Für mich war es niemals eine Option, einfach zu glauben, weil man es so macht oder weil es ein Sprung ins Dunkle ist. Ich wollte immer verstehen, ob das, was ich glaube, auch wirklich Sinn macht.
Einflussreiche Literatur und die Suche nach Antworten
Was waren Bücher, mit denen du gearbeitet hast? Du hast irgendwann gesagt, dass du immer mit Büchern arbeitest. Welche Bücher haben dich in dieser Zeit geprägt?
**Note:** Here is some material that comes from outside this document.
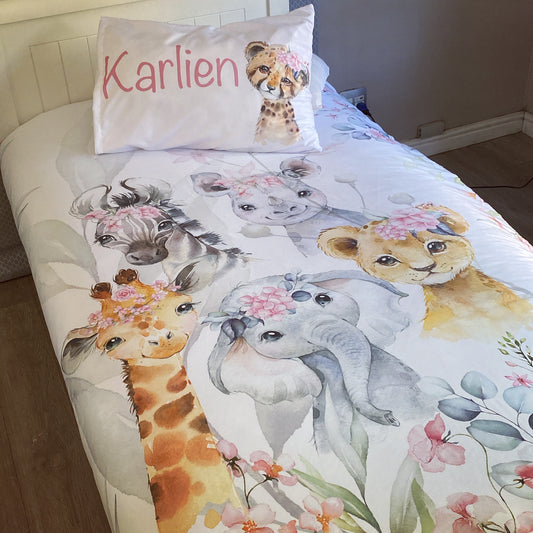 A toddler bedding set with a pink safari theme, featuring cartoonish animal characters such as a giraffe, elephant, and others, along with floral designs, presented on a bed with a child's name 'Karlien' on a pillowcase.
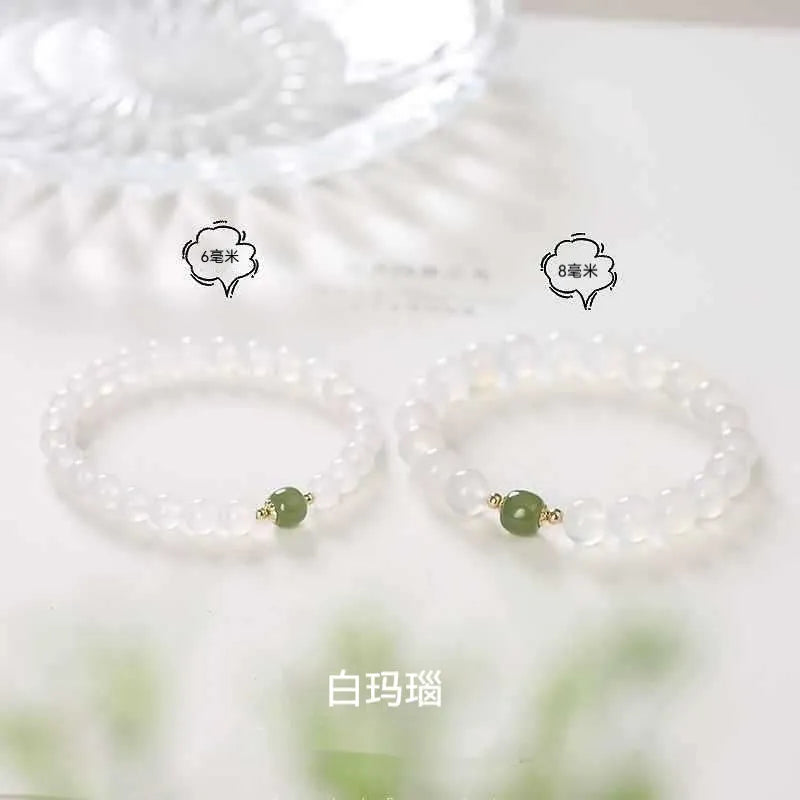 Handmade white agate crystal bracelet with cinnabar accents showing 6mm and 8mm bead sizes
Was mich total geprägt hat, waren die Bücher von Francis Schäffer. Er hat ja ziemlich viel dazu geschrieben. Genau, zum Beispiel „Gott ist keine Illusion“, „Er schweigt nicht“ und „Preisgabe der Vernunft“ – diese Klassiker. Diese Bücher sind immer noch aktuell. Man kann sie immer noch lesen und sollte es auch, denn Schäffer hatte einen sehr großen Weitblick. Er verstand große Zusammenhänge und Strömungen, beschrieb sie aber sehr einfach. Das finde ich total hilfreich.
Diese Bücher haben mir sehr geholfen. Aber auch vieles andere, viele Einzelfragen, mit denen ich mich beschäftigt habe. Zum Beispiel: Stimmt es wirklich, dass wir heute noch die Bibel vor uns haben, die damals geschrieben wurde? Wer sagt denn, dass da nicht „stille Post“ passiert ist in der Zwischenzeit? Ist das historisch glaubwürdig? Hat Jesus wirklich gelebt? Ist es überhaupt plausibel, dass Wunder passiert sein können?
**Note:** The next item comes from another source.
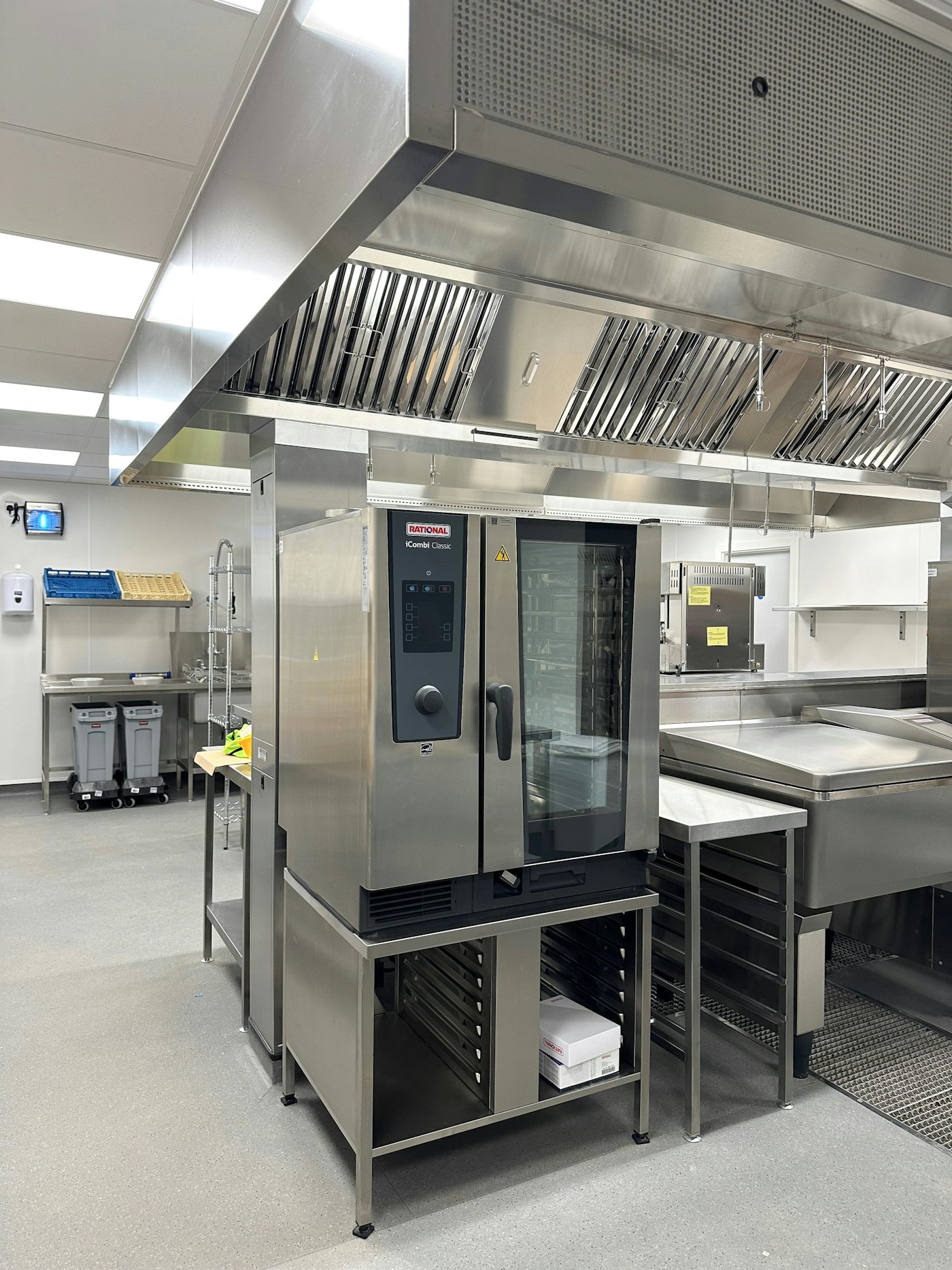 Combi oven beneath a stainless exhaust canopy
Das sind ganz viele Fragen, die ich mir gestellt habe. Dabei habe ich gemerkt, dass es ein verlässliches Fundament gibt. Das war mir total wichtig: dass ich diese Fragen stellen darf und dass ich Antworten finde.
Alternative Wege zur Glaubensbildung ohne Lesen
Ich weiß genau, wie es dir geht. Mir kommt spontan folgende Frage: Was machen wir mit Leuten, für die das Lesen eine Last ist? Die jetzt sagen: Lesen? Vielleicht sogar: Muss ich jetzt englische Bücher lesen? Und wir beide würden sagen: Ja, eigentlich schon.
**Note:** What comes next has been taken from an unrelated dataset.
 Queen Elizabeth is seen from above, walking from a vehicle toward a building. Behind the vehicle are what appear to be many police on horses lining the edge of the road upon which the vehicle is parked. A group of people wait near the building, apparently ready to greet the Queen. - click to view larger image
Wie kann jemand, der sagt „Nee, Lesen ist nicht meins“, sich an dieser Stelle weiterbilden? Ich denke, dass jeder, der viel liest, das Lesen braucht, weil er durch das Lesen auch die Fragen bekommt. Das heißt: Jemand, der gerne liest und dort Antworten findet, bekommt meistens durch das Lesen überhaupt erst die Fragen.
Umgekehrt ist es so: Jemand, der gar nicht gerne liest, bekommt in der Regel auch die Fragen nicht durchs Lesen. Da würde ich sagen, der braucht sie dann auch gar nicht durchs Lesen beantwortet zu bekommen. Stattdessen bekommt er sie anders – durch das, was er hört, durch die Gespräche, die er führt, durch das, was er vielleicht von Arbeitskollegen aufschnappt oder im Fernsehen sieht oder sich auf YouTube anschaut.
Ich würde sagen, dann ist das auch der Kanal, über den er die Antworten findet. Man braucht eben gute Alternativen. Man braucht Gesprächspartner, die selbst in die Tiefe gehen und die man fragen kann. Man braucht gute YouTube-Kanäle, die man sich anschauen kann. Man muss einfach mal im Fernsehen nachschauen. Gut, ich weiß jetzt nicht, ob es da aus gläubiger Sicht so viel gibt, aber prinzipiell gibt es ziemlich viele gute Kanäle, über die man sich solche Informationen besorgen kann.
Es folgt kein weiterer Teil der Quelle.